### Task description
Take the material below and extract the lines from the one with "So here we have" through the one with "Our plan for", word for word, without pictures.

### Dataset records
Start of Block
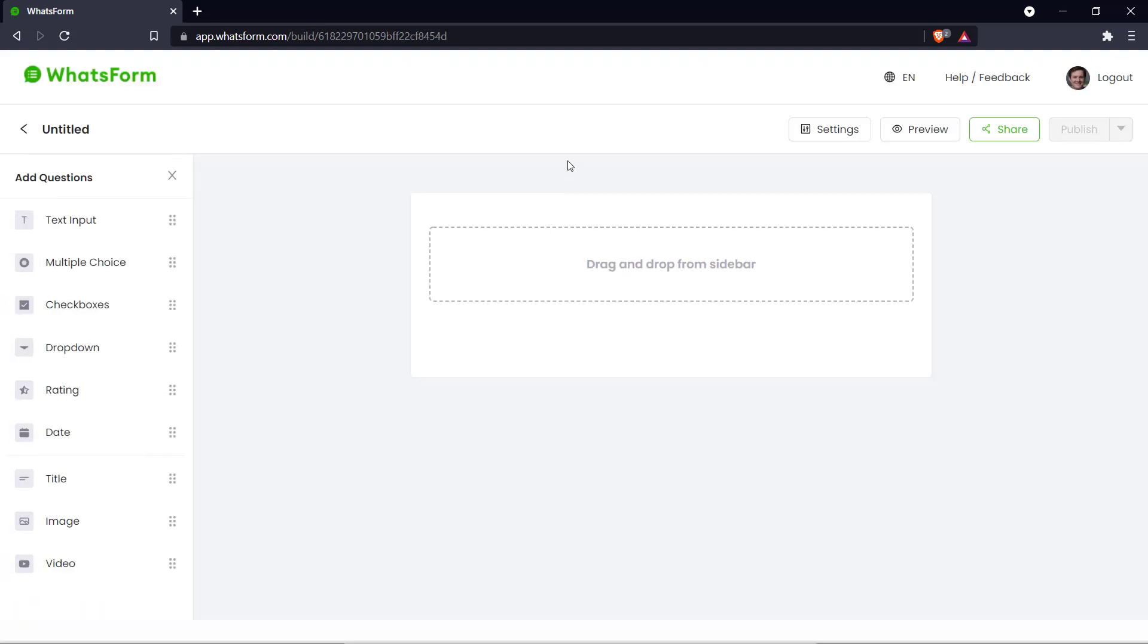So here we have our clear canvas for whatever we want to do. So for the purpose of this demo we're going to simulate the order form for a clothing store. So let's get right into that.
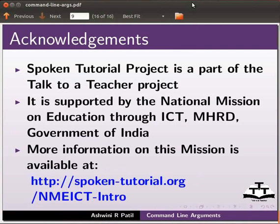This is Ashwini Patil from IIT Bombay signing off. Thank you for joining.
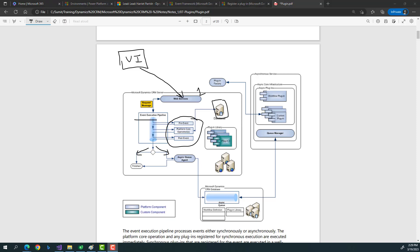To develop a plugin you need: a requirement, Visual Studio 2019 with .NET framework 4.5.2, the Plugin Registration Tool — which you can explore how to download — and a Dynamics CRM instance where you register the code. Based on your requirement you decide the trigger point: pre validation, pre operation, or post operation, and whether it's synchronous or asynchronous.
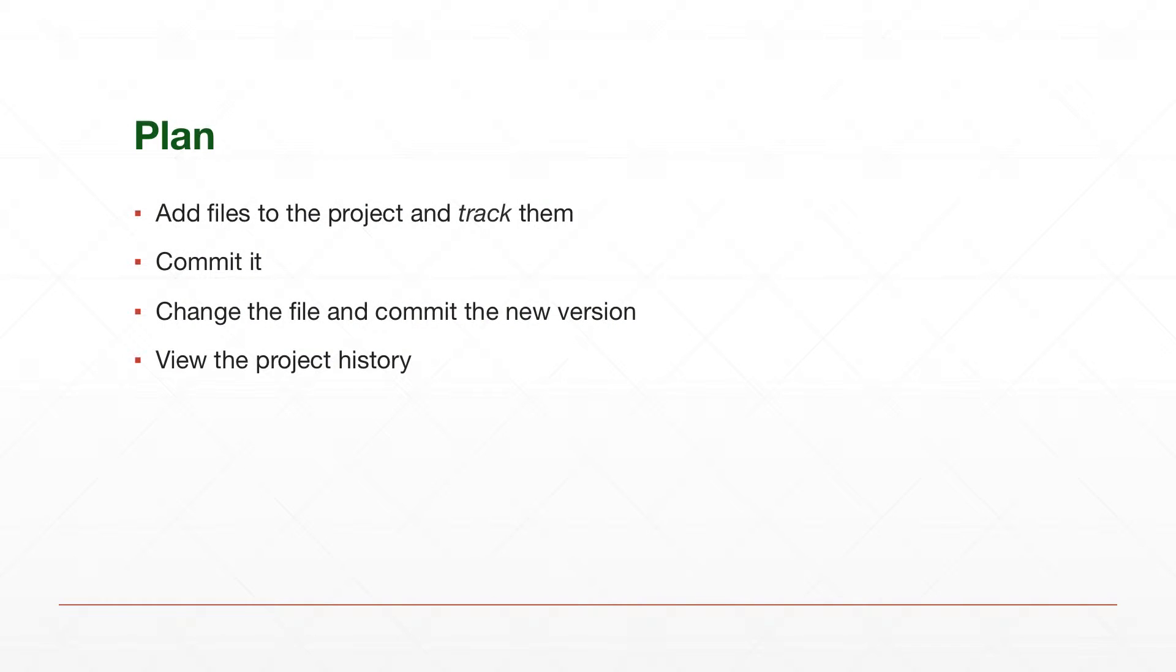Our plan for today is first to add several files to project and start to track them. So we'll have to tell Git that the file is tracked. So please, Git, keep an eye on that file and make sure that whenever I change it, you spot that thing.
End of Block
Start of Block
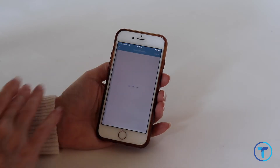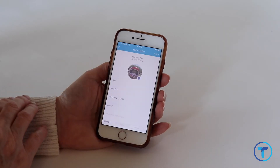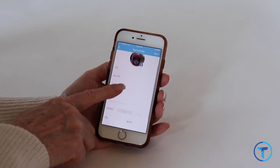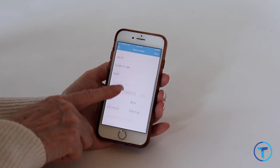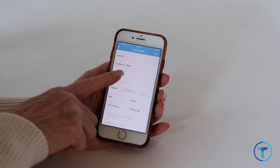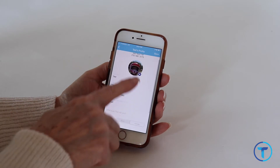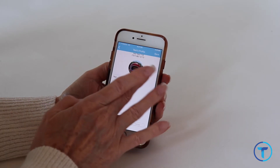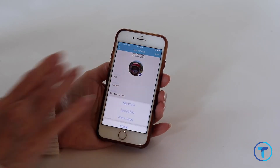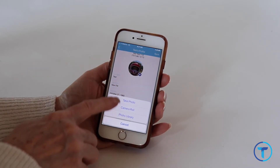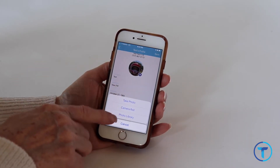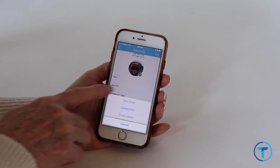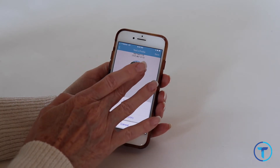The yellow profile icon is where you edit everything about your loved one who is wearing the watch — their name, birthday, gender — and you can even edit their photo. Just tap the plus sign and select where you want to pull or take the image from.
End of Block
Start of Block
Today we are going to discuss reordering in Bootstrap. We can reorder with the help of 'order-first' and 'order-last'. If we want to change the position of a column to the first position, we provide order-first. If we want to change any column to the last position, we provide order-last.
End of Block
### Written response
So here we have our clear canvas for whatever we want to do. So for the purpose of this demo we're going to simulate the order form for a clothing store. So let's get right into that.
This is Ashwini Patil from IIT Bombay signing off. Thank you for joining.
To develop a plugin you need: a requirement, Visual Studio 2019 with .NET framework 4.5.2, the Plugin Registration Tool — which you can explore how to download — and a Dynamics CRM instance where you register the code. Based on your requirement you decide the trigger point: pre validation, pre operation, or post operation, and whether it's synchronous or asynchronous.
Our plan for today is first to add several files to project and start to track them. So we'll have to tell Git that the file is tracked. So please, Git, keep an eye on that file and make sure that whenever I change it, you spot that thing.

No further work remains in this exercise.